▸ Dataset
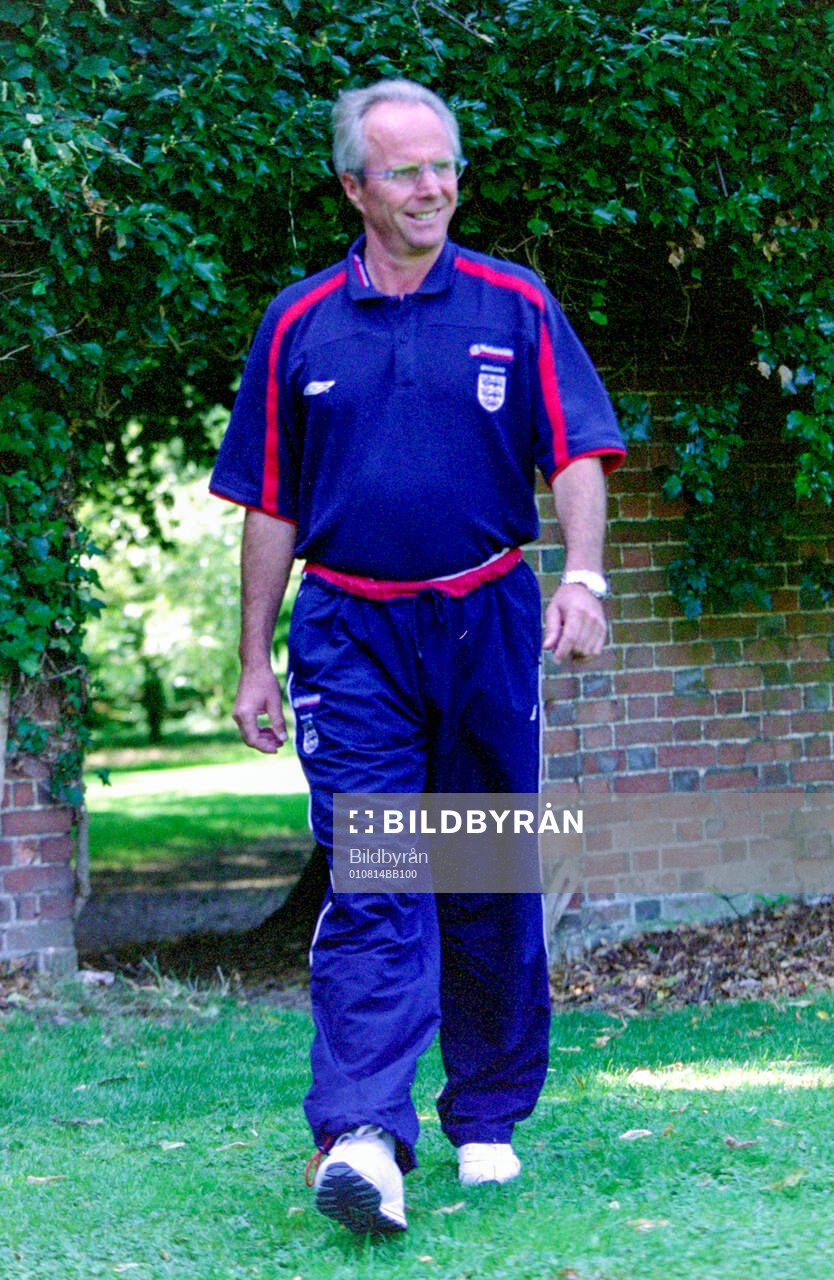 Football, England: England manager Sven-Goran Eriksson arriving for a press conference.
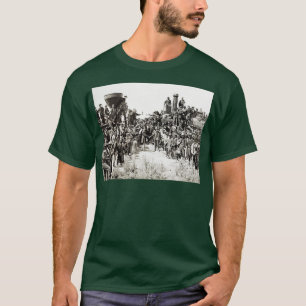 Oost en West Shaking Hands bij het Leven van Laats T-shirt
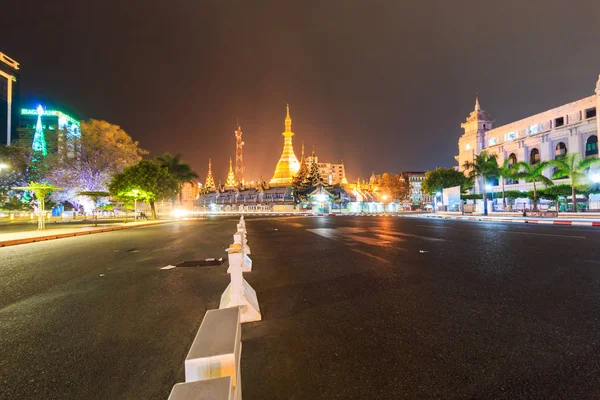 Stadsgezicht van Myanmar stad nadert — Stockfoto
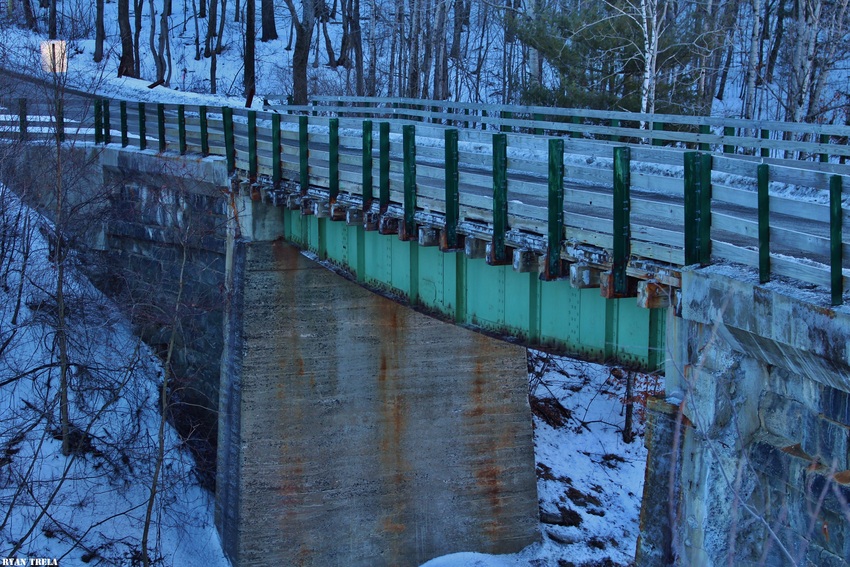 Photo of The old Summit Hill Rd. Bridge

---

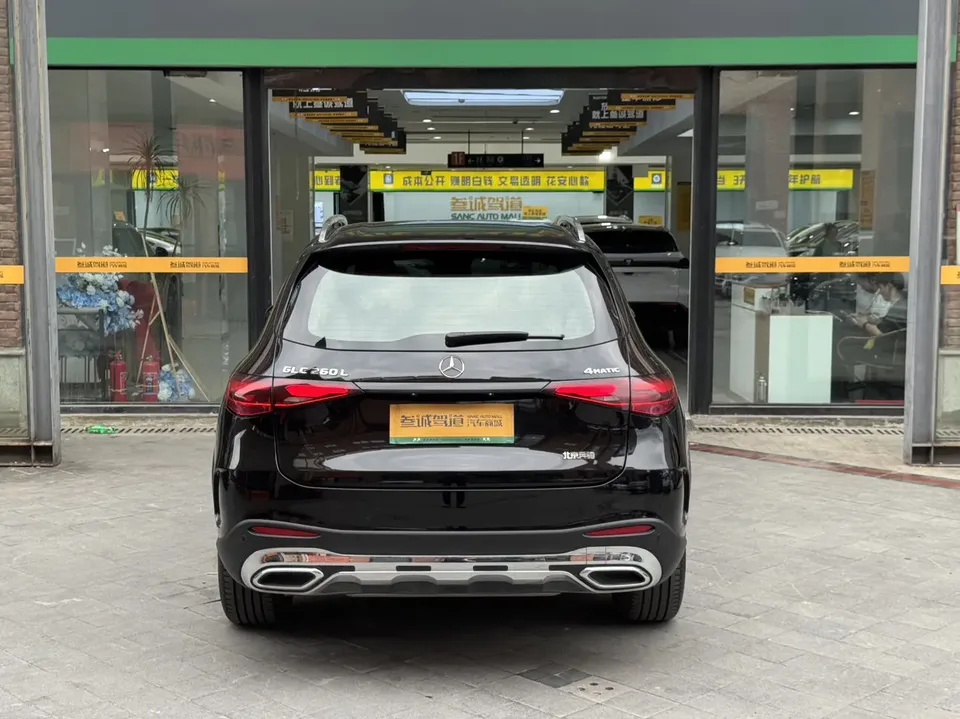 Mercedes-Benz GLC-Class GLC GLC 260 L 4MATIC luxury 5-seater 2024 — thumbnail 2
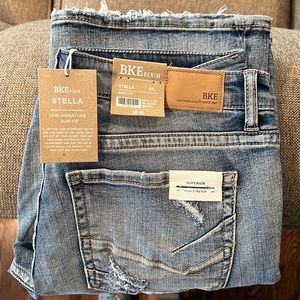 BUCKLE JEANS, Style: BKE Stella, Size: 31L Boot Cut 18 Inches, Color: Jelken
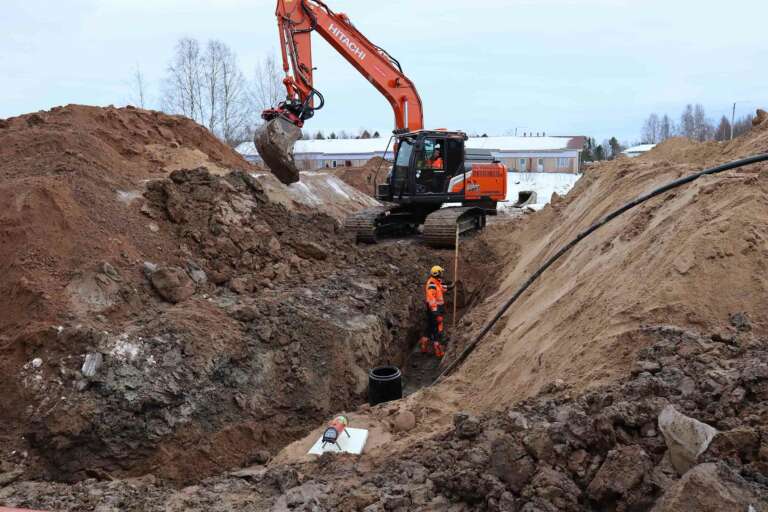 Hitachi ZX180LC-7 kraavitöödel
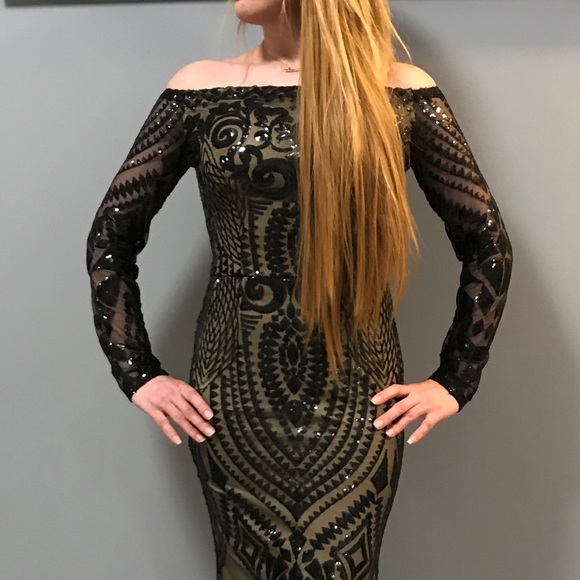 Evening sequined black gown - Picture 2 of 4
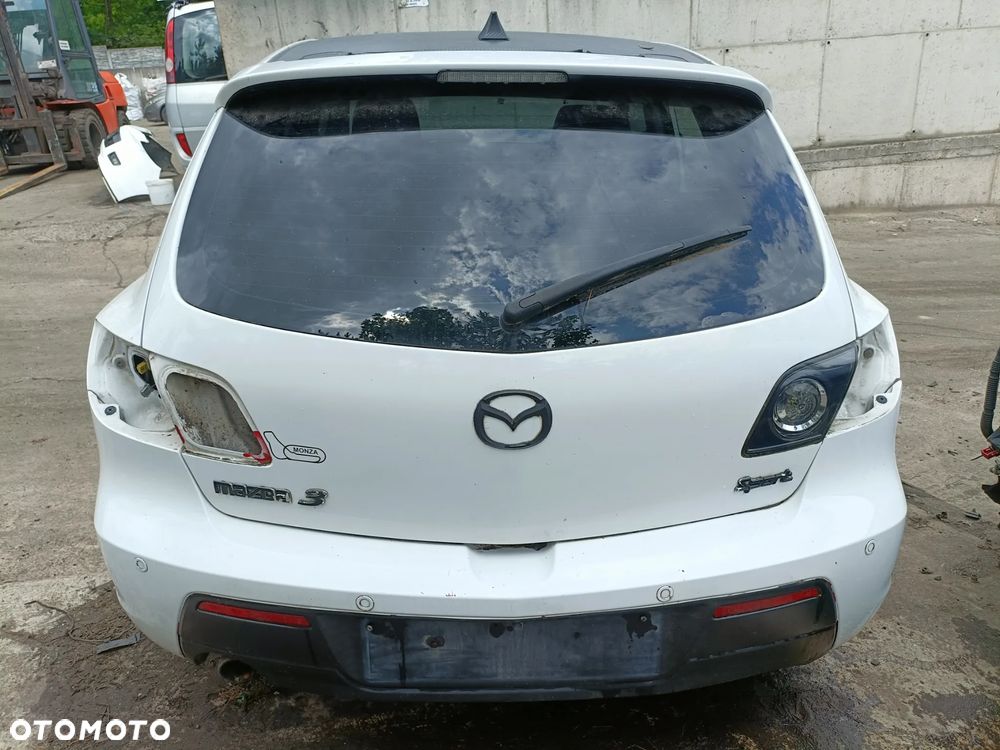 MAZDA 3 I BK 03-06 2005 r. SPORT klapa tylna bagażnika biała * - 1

---

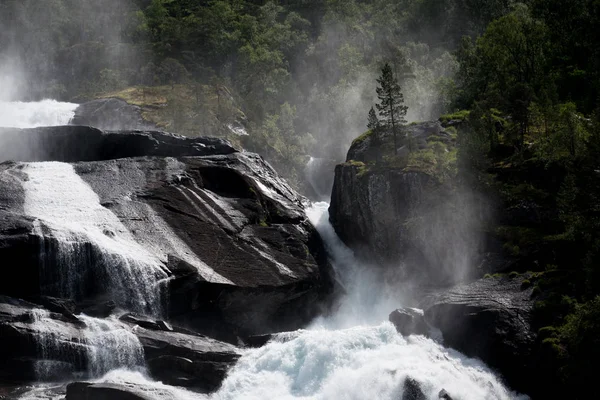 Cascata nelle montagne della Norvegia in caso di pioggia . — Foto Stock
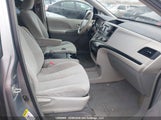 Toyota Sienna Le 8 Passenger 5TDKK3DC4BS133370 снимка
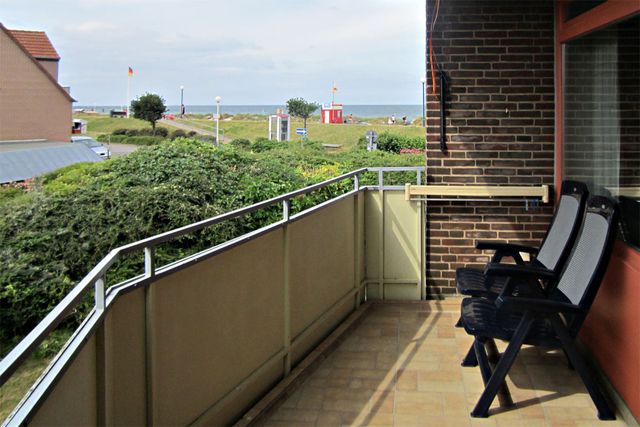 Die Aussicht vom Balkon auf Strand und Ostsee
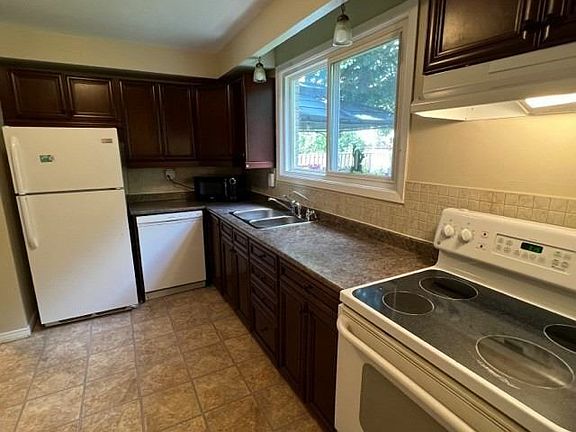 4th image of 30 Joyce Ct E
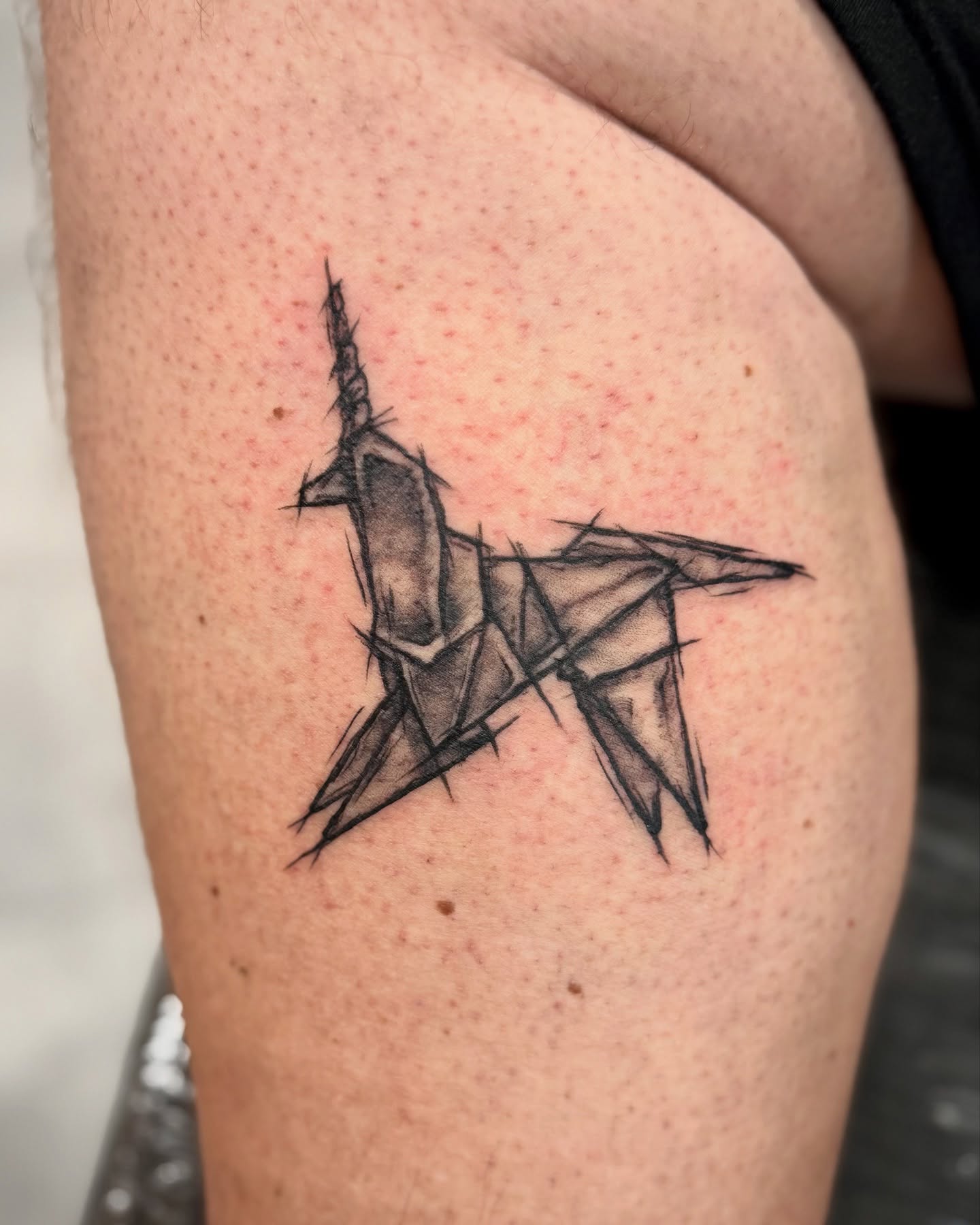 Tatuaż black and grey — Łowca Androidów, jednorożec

▸ Task to complete
Using the listing above, repeat word for word each line from the one with "Die Aussicht vom" down to the one with "Tatuaż black and", both included. Omit all pictures.

▸ Response box
 Die Aussicht vom Balkon auf Strand und Ostsee
 4th image of 30 Joyce Ct E
 Tatuaż black and grey — Łowca Androidów, jednorożec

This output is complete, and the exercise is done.